Même si on est encore loin de l’ampleur des manifestations de 2022, certains signes laissent présager des fractures nouvelles, à commencer par l’endroit où tout a commencé le 28 décembre : le Grand Bazar de la capitale iranienne.

On dit souvent que le Grand Bazar de Téhéran, c’est le cœur et l’âme de l’économie iranienne. [...] Et là, c’est la première fois qu’il y a une rupture aussi frontale entre l’État et les commerçants.

Une citation deHanieh Ziaei, politologue et iranologue associée à la Chaire Raoul-Dandurand

Le professeur Sami Aoun va encore plus loin dans son analyse. Le Grand Bazar de Téhéran, c’est l’un des piliers les plus importants pour la légitimité du régime actuel. Il est principalement occupé par des Persans et des Azéris, des communautés qui sont très proches du régime, dit-il.

Des gens marchent dans le bazar, le 26 février 2023.
Datant du 17e siècle, le Grand Bazar de Téhéran est l’un des plus grands bazars couverts au monde, lui qui s'étend sur plus de 10 km. (Photo d'archives) Photo : Associated Press / Vahid Salemi

L’expert évoque aussi la « Guerre des 12 jours » menée contre Israël l’été dernier, qui s’est soldée par des frappes américaines sur des installations nucléaires, ainsi que par un sentiment de lassitude en Iran. Les gens se sont sentis désenchantés, sacrifiés. Ils se disent : "Où est allé tout l’argent que le régime investit dans notre défense, s’il n’est pas capable de nous défendre?"

C’est aussi la première fois que le régime reconnaît la légitimité d’une partie des revendications, signe qu’il a de plus en plus peur, de l'avis de Sami Aoun. [Les dirigeants iraniens] voient ce qui se passe au Venezuela. Non seulement ce pays était un important allié et partenaire économique pour l’Iran, mais on voit aussi ce que les États-Unis sont capables de faire. [Ils] changent de stratégie, dit-il.

Peut-on craindre une guerre ouverte avec les États-Unis?

Le 2 janvier dernier, le président américain Donald Trump a menacé d’intervenir une nouvelle fois en Iran si des manifestants y étaient tués.
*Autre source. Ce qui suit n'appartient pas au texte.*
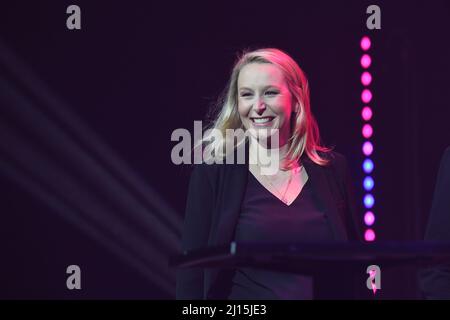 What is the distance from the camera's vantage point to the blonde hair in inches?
101

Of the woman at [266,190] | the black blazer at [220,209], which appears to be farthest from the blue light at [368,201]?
the black blazer at [220,209]

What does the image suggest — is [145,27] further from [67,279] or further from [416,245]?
[416,245]

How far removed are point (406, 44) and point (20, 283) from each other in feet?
7.36

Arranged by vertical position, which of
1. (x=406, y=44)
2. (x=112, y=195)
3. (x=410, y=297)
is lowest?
(x=410, y=297)

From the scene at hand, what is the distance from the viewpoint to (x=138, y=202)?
3600 mm

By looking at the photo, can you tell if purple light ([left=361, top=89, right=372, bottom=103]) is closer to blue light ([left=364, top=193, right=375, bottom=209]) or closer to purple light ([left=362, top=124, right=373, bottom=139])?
purple light ([left=362, top=124, right=373, bottom=139])

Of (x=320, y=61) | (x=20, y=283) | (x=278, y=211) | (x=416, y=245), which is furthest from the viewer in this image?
(x=320, y=61)

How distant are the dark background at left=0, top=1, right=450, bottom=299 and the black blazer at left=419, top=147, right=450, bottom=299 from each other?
146 centimetres

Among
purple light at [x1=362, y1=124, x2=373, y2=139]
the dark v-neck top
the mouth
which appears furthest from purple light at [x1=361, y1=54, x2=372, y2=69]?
the dark v-neck top

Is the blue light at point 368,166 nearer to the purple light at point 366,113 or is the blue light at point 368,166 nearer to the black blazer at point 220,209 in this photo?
the purple light at point 366,113

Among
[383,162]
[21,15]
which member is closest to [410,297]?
[383,162]

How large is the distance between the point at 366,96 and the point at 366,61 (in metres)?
0.18

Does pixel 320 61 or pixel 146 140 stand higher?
pixel 320 61

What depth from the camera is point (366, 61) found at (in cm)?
397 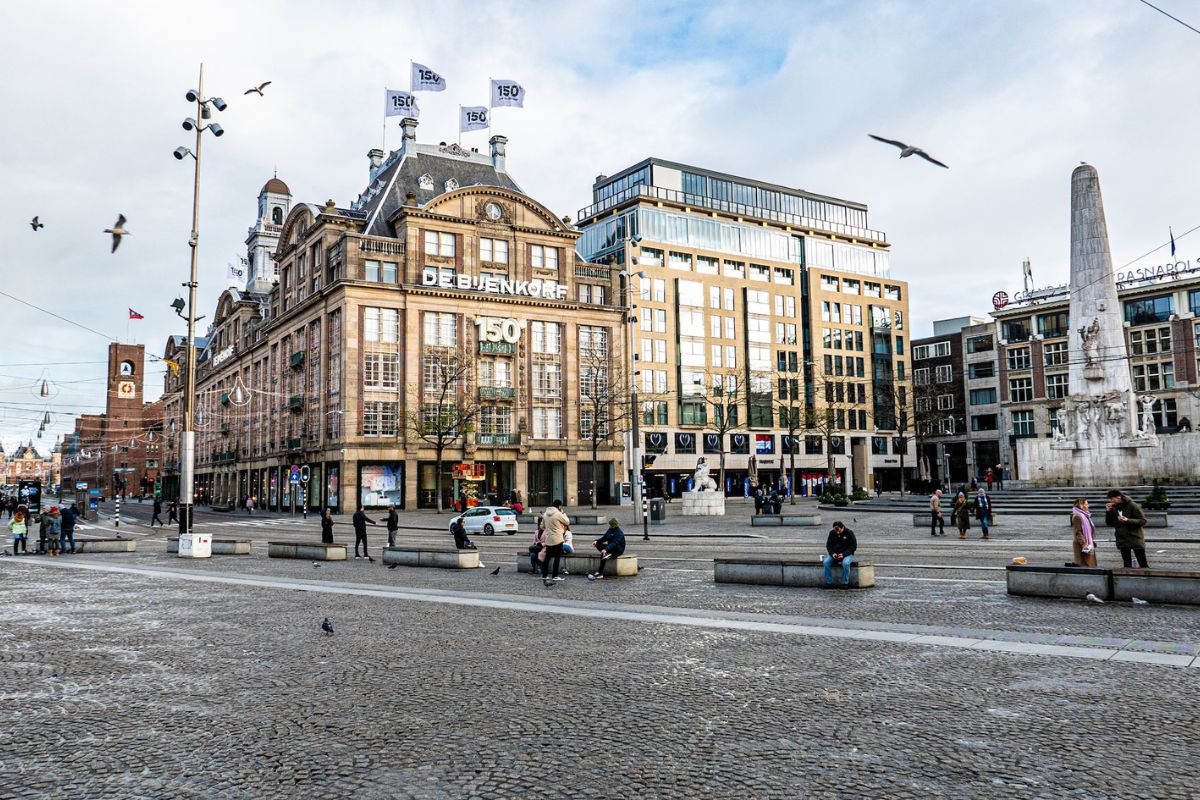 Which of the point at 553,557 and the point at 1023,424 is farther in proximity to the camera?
the point at 1023,424

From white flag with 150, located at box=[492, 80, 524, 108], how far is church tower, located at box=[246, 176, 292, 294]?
43850 millimetres

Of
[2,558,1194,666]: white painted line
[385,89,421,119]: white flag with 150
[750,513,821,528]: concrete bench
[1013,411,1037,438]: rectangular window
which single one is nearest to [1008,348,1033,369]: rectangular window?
[1013,411,1037,438]: rectangular window

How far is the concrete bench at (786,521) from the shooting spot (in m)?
37.8

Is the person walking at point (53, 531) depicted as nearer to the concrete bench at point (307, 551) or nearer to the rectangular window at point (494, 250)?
the concrete bench at point (307, 551)

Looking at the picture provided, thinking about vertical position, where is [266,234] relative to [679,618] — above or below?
above

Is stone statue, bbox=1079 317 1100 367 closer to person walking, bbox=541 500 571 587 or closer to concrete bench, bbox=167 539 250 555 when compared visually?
person walking, bbox=541 500 571 587

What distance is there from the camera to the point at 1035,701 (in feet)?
25.3

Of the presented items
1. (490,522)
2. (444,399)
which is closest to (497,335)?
(444,399)

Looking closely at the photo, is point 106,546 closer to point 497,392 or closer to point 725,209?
point 497,392

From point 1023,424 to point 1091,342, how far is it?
5068 cm

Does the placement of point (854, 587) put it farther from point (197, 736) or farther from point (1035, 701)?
point (197, 736)

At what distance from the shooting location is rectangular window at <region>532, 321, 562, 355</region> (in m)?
68.1

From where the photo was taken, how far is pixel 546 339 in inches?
2697

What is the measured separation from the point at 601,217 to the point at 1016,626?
252ft
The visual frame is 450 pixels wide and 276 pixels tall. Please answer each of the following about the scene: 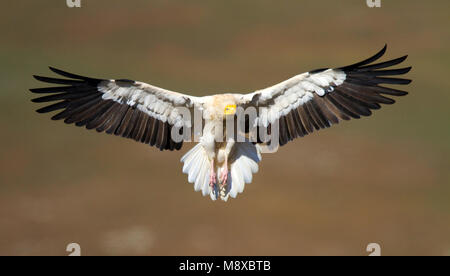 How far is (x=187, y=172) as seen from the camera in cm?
677

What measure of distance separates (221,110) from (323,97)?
942 mm

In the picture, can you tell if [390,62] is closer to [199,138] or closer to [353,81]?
[353,81]

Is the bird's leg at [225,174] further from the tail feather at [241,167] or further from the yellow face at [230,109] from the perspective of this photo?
the yellow face at [230,109]

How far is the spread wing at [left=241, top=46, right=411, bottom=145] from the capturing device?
6.45 m

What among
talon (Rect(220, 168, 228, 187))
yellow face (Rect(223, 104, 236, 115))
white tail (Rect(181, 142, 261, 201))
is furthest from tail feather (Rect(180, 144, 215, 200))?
yellow face (Rect(223, 104, 236, 115))

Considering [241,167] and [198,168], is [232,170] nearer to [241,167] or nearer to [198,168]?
[241,167]

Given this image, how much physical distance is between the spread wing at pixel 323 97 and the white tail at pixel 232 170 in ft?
1.02

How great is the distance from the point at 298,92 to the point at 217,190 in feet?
3.81

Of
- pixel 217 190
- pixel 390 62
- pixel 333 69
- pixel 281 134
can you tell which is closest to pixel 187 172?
pixel 217 190

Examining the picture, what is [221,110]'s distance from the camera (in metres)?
6.41

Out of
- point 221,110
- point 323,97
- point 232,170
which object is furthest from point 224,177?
point 323,97

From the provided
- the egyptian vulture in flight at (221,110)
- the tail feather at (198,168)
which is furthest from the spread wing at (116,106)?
the tail feather at (198,168)

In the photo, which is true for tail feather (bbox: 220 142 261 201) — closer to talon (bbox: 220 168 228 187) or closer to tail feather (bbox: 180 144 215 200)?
talon (bbox: 220 168 228 187)

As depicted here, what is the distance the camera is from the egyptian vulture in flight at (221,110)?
6.46 m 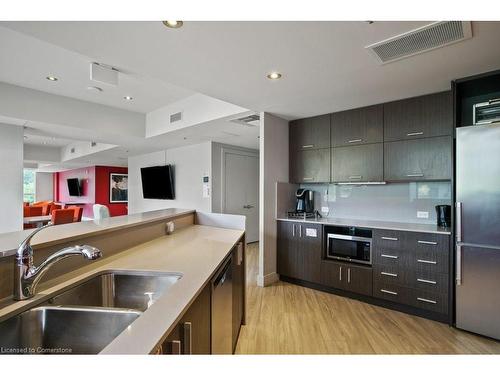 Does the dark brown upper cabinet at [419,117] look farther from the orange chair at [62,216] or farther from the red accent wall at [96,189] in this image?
the red accent wall at [96,189]

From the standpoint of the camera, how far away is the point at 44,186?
12.7 m

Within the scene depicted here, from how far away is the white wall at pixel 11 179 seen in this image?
392cm

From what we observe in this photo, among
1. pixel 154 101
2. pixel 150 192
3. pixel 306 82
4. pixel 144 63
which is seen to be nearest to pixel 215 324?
pixel 144 63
Il n’a pas précisé s’il évoquait des frappes ciblées, comme celles de l’été dernier (les frappes avaient ciblé des installations nucléaires), ou s’il envisageait une intervention terrestre.

Immédiatement, le ministre iranien des Affaires étrangères a averti que toute nouvelle intervention marquerait une ligne rouge qui entraînerait aussitôt une riposte de son armée. Nous savons précisément où frapper en cas d'atteinte à la souveraineté iranienne, a déclaré le ministre Abbas Araghchi.

Toutefois, selon Sami Aoun, il est peu probable que les États-Unis aillent de l’avant avec une invasion terrestre. S’ils veulent s’attaquer au régime, ils vont le faire de l’intérieur, en remplaçant le guide suprême par des candidats dits "réformateurs" et prêts à gouverner, croit-il.

Les Américains ne veulent plus faire les mêmes erreurs qu’en Irak en 2003, où on s’est retrouvé à faire du "nation-building", et ça s’est mal passé.

Une citation deSami Aoun, professeur à l'Université de Sherbrooke et directeur de l’Observatoire sur le Moyen-Orient de la Chaire Raoul-Dandurand

À défaut d’intervenir, les Américains et les Israéliens pourraient aussi laisser le temps faire son œuvre. Le guide suprême, Ali Khamenei, est rendu à 86 ans. Donc, peut-être que les choses vont changer après sa mort, expose M. Aoun.